→ REQUIREMENT:
Below are some records. Set down exactly the line holding "Icicles hang from" and every later line through the end, omitting the pictures.

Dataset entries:
· · · · ·

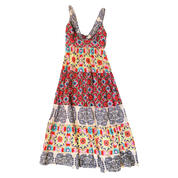 Vintage Tiered Floral Maxi Dress (M)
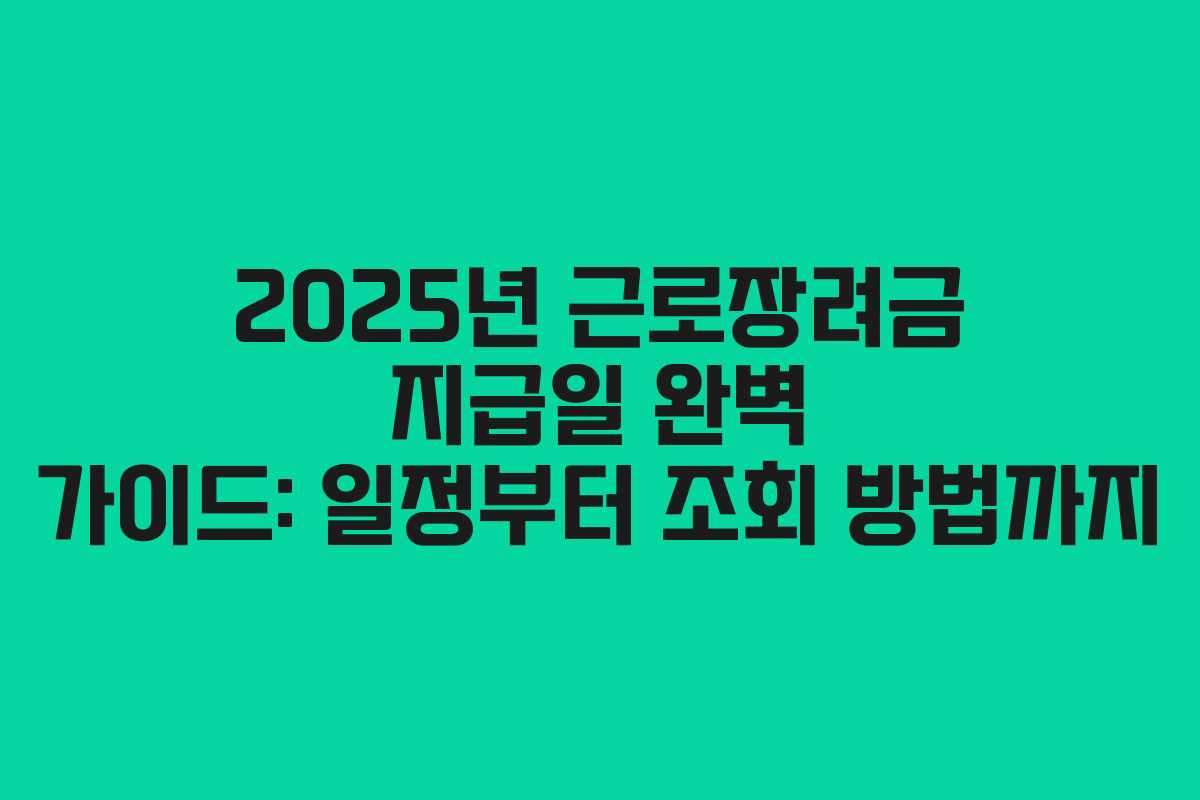 2025년 근로장려금 지급일 완벽 가이드: 일정부터 조회 방법까지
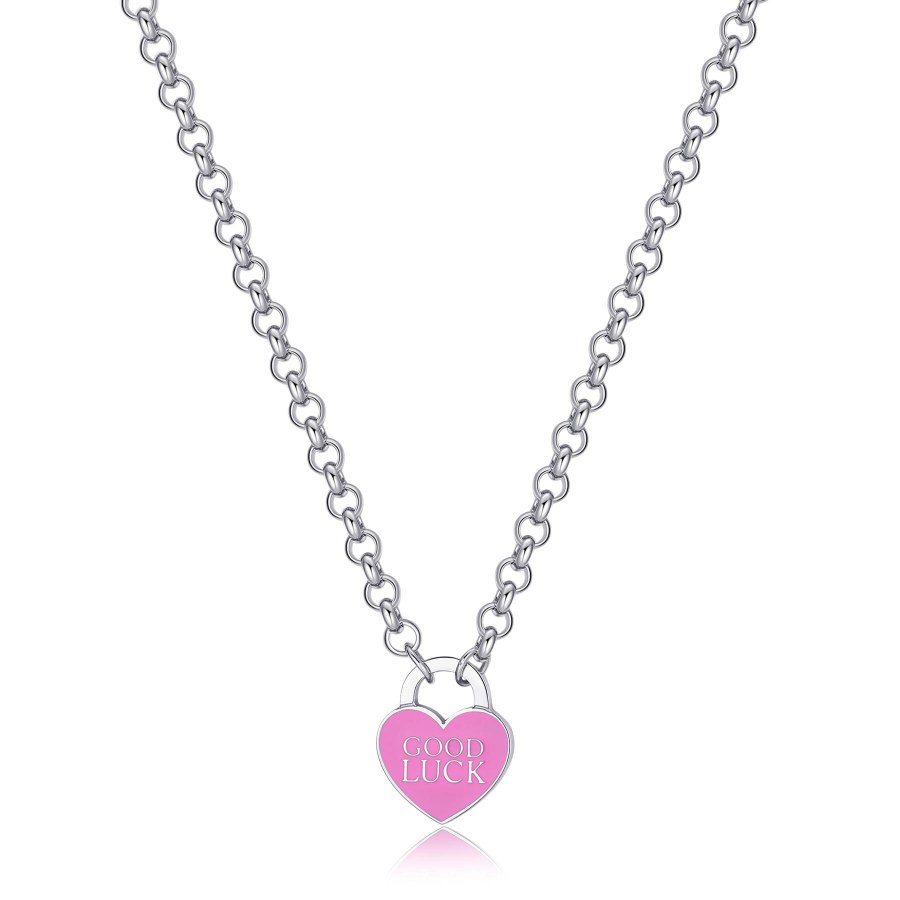S´Agapo Něžný ocelový náhrdelník se srdíčkem Good Luck Be My Always SBM84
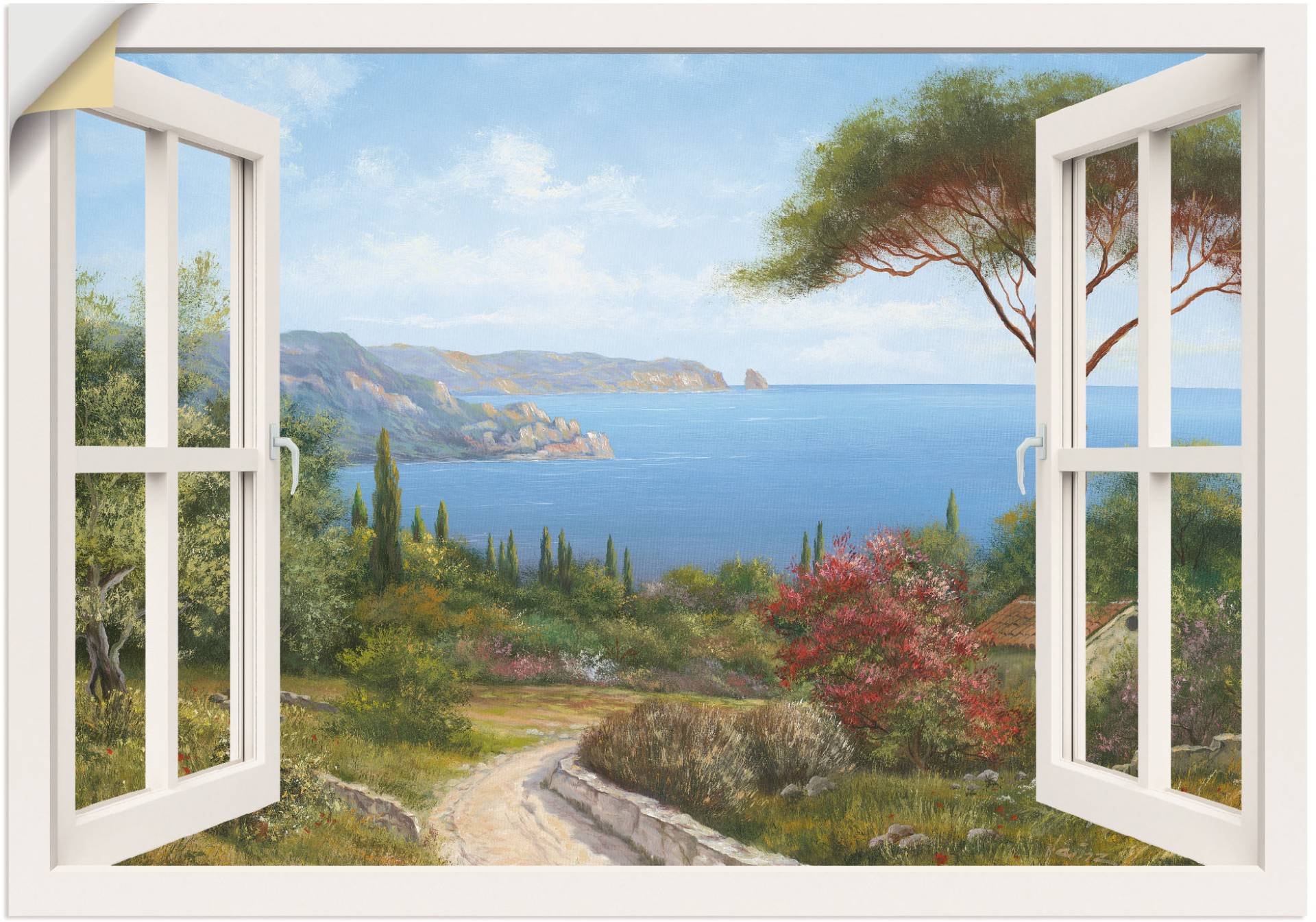 Artland Wandbild "Fensterblick - Haus am Meer I", Fensterblick, (1 St.), als Leinwandbild, Poster, Wandaufkleber in verschied. Größen von Artland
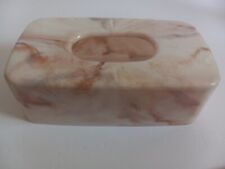 vintage brown marbled look lucite tissue box cover 70's earthy faux stone retro picture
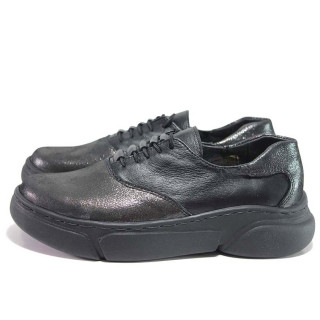 Черни дамски обувки с равна подметка, естествена кожа - всекидневни обувки за пролетта и лятото N 100015458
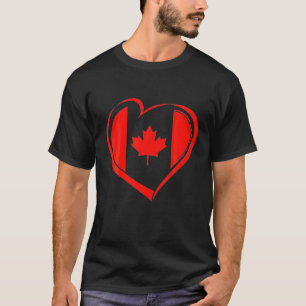 Heart Canada Day Funny Maple Leaf Heart Canadian F T-Shirt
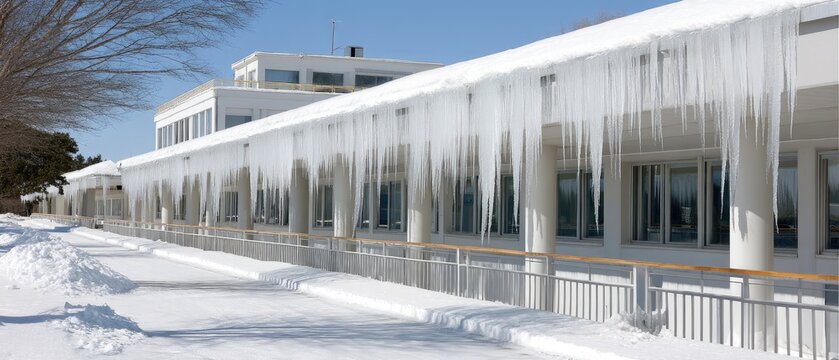 Icicles hang from the roofline of a modern building in a snowy landscape on a bright winter day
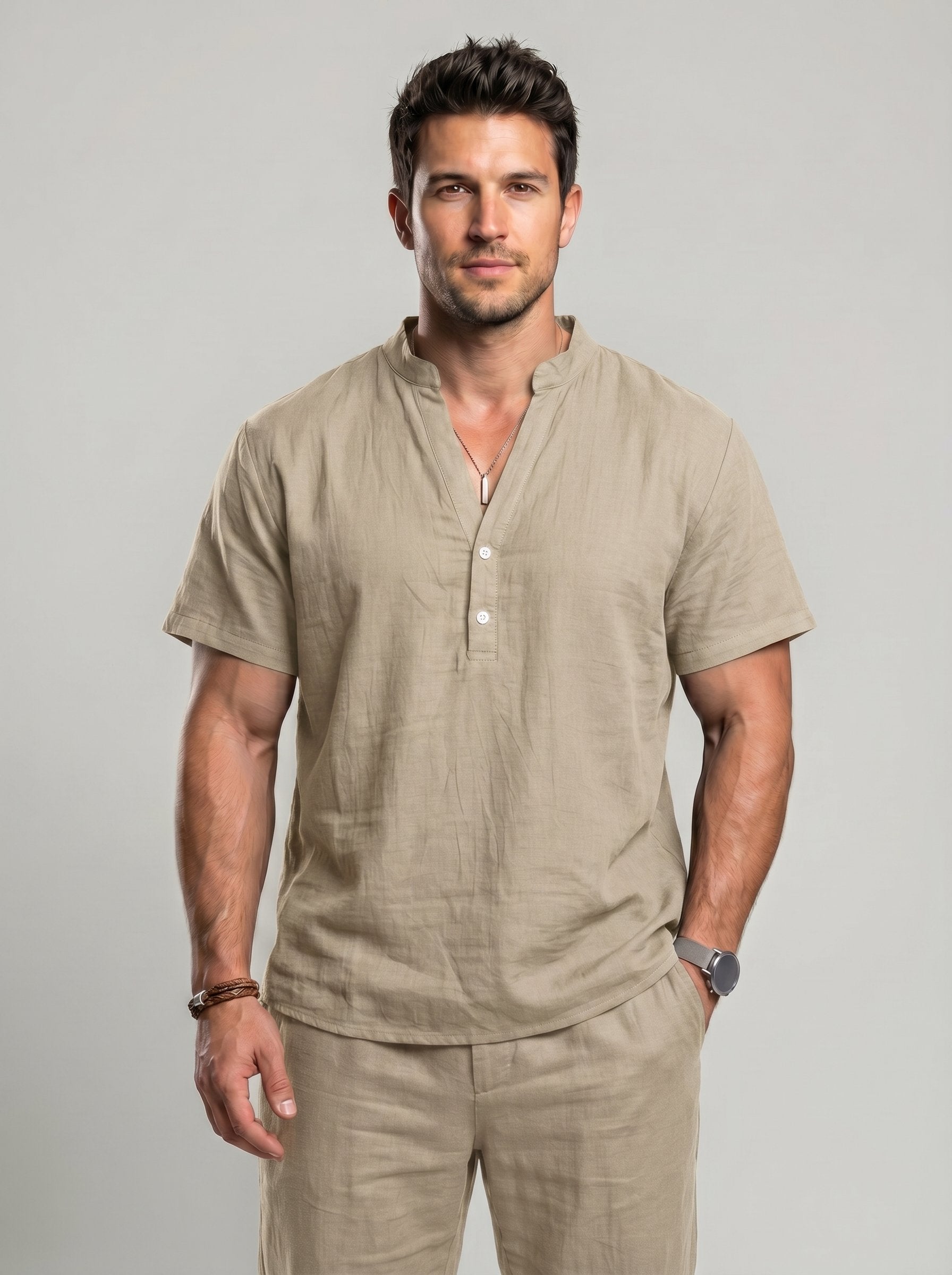 KZZ Men's Summer Short-Sleeve Linen Shirt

· · · · ·

→ ANSWER TO THE EXERCISE:
 Icicles hang from the roofline of a modern building in a snowy landscape on a bright winter day
 KZZ Men's Summer Short-Sleeve Linen Shirt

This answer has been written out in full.